Segment Open
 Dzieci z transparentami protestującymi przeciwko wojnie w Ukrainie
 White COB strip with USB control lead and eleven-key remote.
Segment Closed
Segment Open
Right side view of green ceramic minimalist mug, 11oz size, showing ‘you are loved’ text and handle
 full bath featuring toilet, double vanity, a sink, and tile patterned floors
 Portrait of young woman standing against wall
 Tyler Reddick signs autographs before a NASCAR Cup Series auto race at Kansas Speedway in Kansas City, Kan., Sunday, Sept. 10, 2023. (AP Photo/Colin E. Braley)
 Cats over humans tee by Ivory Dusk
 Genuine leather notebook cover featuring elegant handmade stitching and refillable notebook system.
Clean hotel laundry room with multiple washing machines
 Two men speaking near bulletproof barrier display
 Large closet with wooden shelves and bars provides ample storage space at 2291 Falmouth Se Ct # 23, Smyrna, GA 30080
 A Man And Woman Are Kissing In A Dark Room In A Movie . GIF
Segment Closed
Segment Open
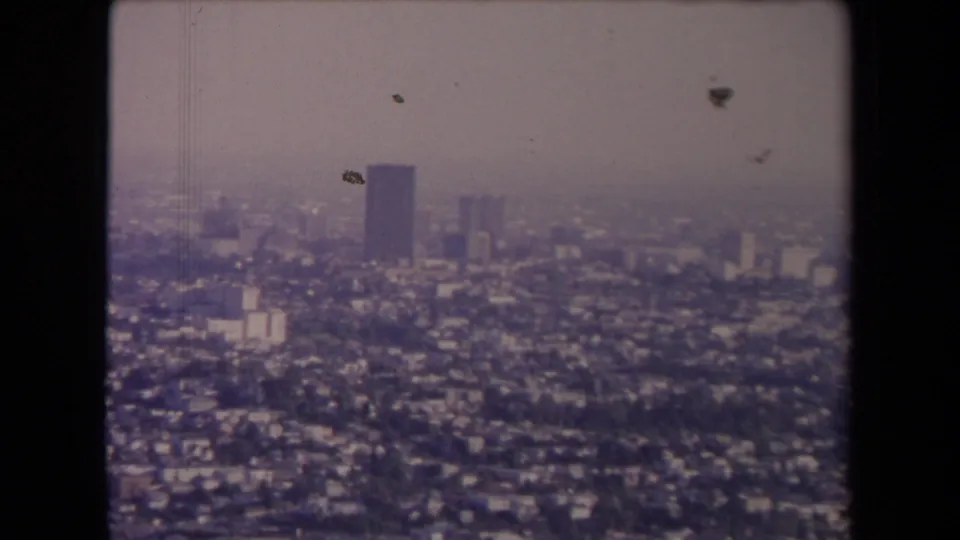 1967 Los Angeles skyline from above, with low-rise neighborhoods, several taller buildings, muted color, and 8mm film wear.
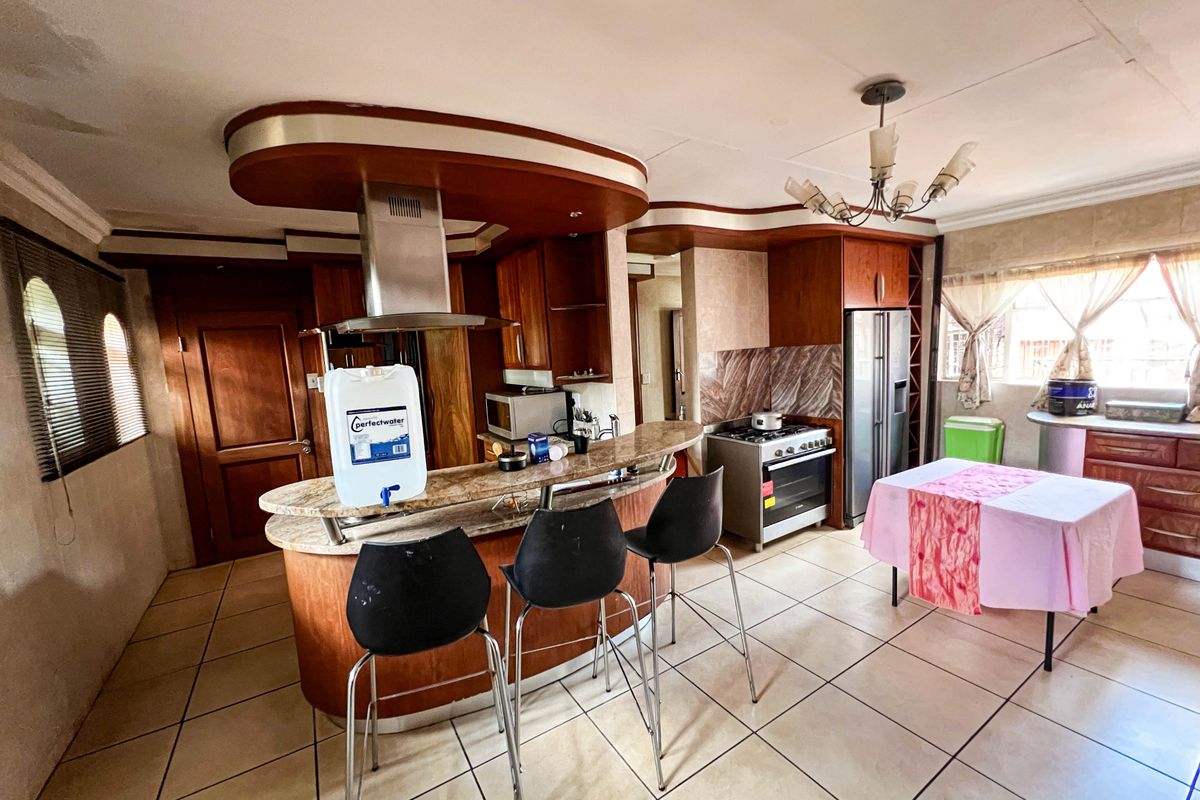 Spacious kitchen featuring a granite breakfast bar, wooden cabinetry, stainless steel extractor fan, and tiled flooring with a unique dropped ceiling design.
Segment Closed
From the records above, quote only the lines running from the line with "Dzieci z transparentami" to the line with "White COB strip", both lines included.

 Dzieci z transparentami protestującymi przeciwko wojnie w Ukrainie
 White COB strip with USB control lead and eleven-key remote.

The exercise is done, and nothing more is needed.